# 150 gal drilled converted to FW



## Stellaluna (Jan 20, 2009)

Hello!
I am a very experienced aquarist, having kept FW fish and plants for 25 years. Currently I have a 55gal heavily planted, a 10 gal heavily planted, and a 40 gal nonplanted Lake Tang tank. 

I have an opportunity to get a used drilled 150gal tall (5' wide) tank with stand and hood, no sump or other equipment, but this is stoopid cheap and I hate to pass it up. It is a size that I have wanted for a long time, since I don't have a 6' space to put your typical 120, but have always wanted a large tank so I can finally keep some of the tank busters that I've never been able to have. 
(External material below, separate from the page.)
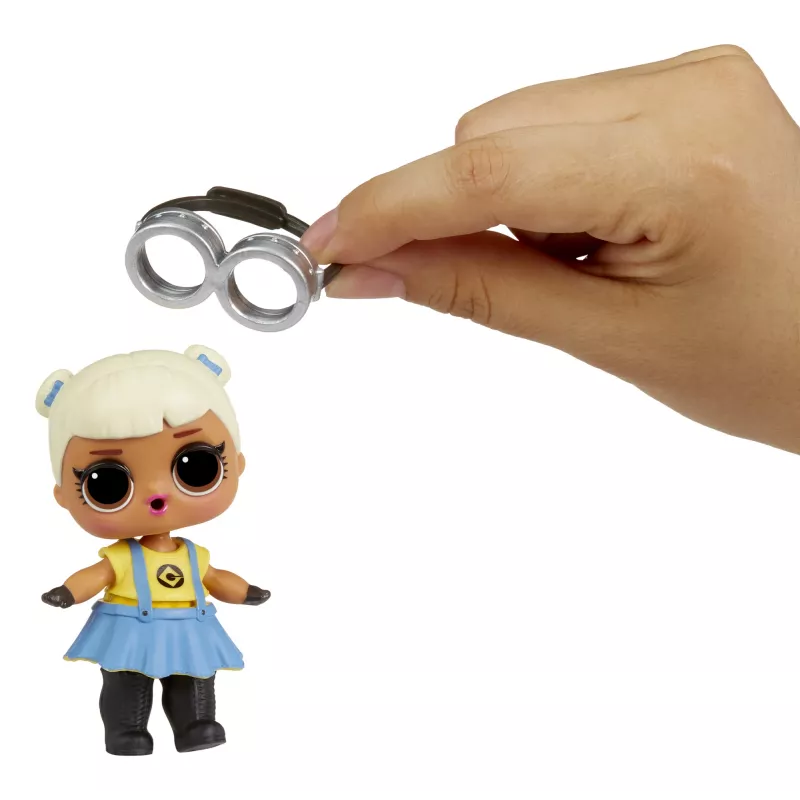 L.O.L. Surprise L.O.L. Surprise Loves Minions Tots Asst w PDQ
I've never used a drilled tank, sump, etc. so I have no idea how to utilize the drilled nature of this tank. I can take down my 55g and use it as a sump, or I also have a Rena XP 4 and a couple of classic Eheims that I can use also. I have tried to google this but need someone to point me in the right direction for articles on setting up a sump, or a wet/dry system, etc. I have no idea how to do it in terms of the plumbing, or even what would be the simplest way to filter this tank. Don't have loads of bank to spend on this project, either! 
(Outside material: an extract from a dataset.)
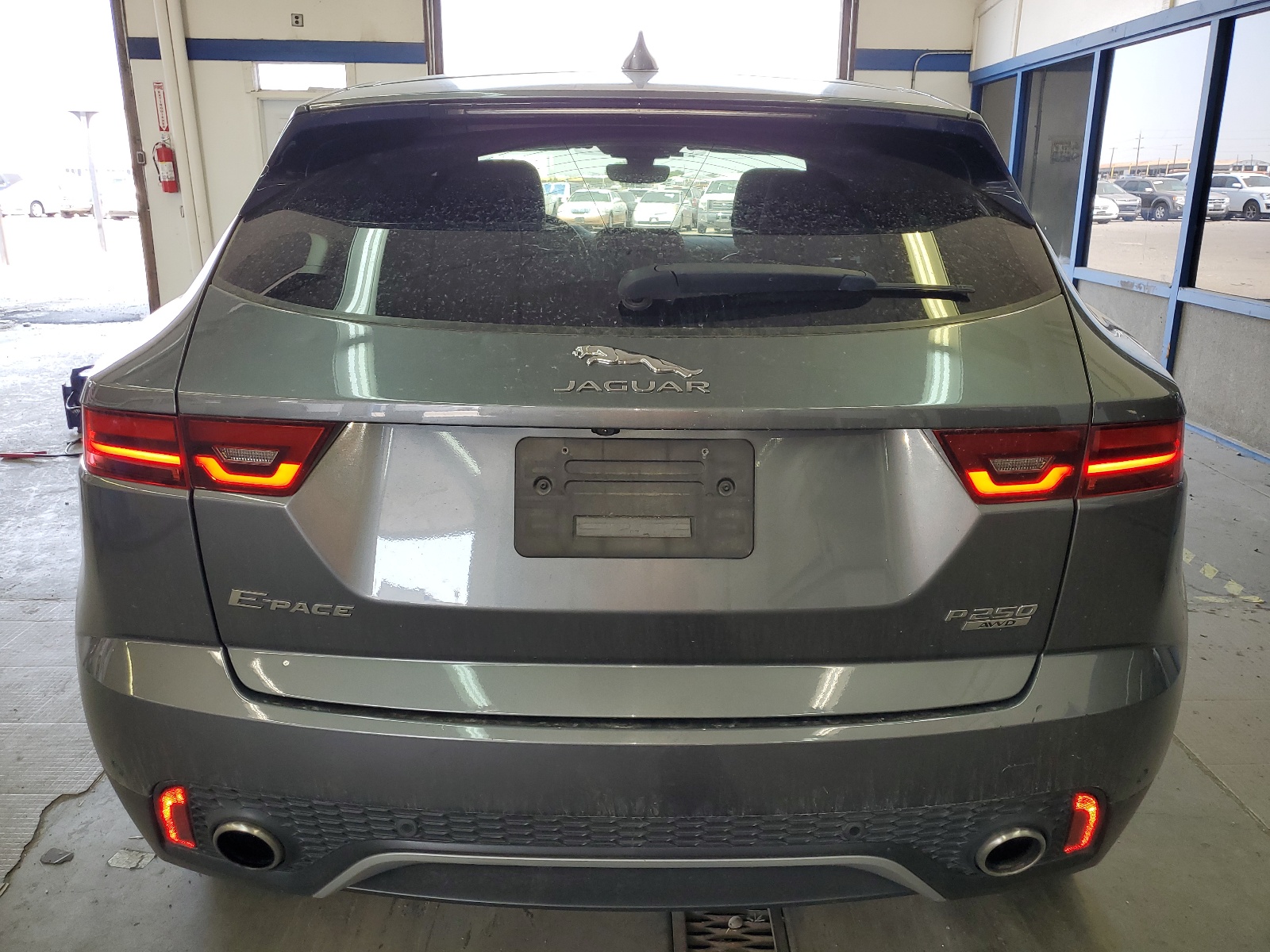 SADFP2FX1K1Z44963 2019 Jaguar E-Pace Se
Thanks for any help you can give me!


----------



## djrichie (May 15, 2008)

What you looking at is called a wet/dry filter system. If you research that, you will find alot of info. As I was looking into them for a 125 I just got, that is drilled will center overflow tower. Not the best for a Planted tank is one thing I discovered, as the CO2 is lost in the gravity feed to the filter, but I have hope.


----------



## Stellaluna (Jan 20, 2009)

Yes, that is definitely a consideration for a planted tank. I have a CO2 dosing system that I am not using currently and I could hook that up. I will look into the wet/dry systems and see if I can construct something. 

Thanks-


----------



## MediaHound (Jul 19, 2006)

Check out this thread:
http://www.aquariumforum.com/f2/help-needed-sump-filter-setup-806.html


----------



## MediaHound (Jul 19, 2006)

and this fwiw
http://www.aquariumforum.com/f2/wet-dry-bio-filter-fresh-water-899.html


----------



## Stellaluna (Jan 20, 2009)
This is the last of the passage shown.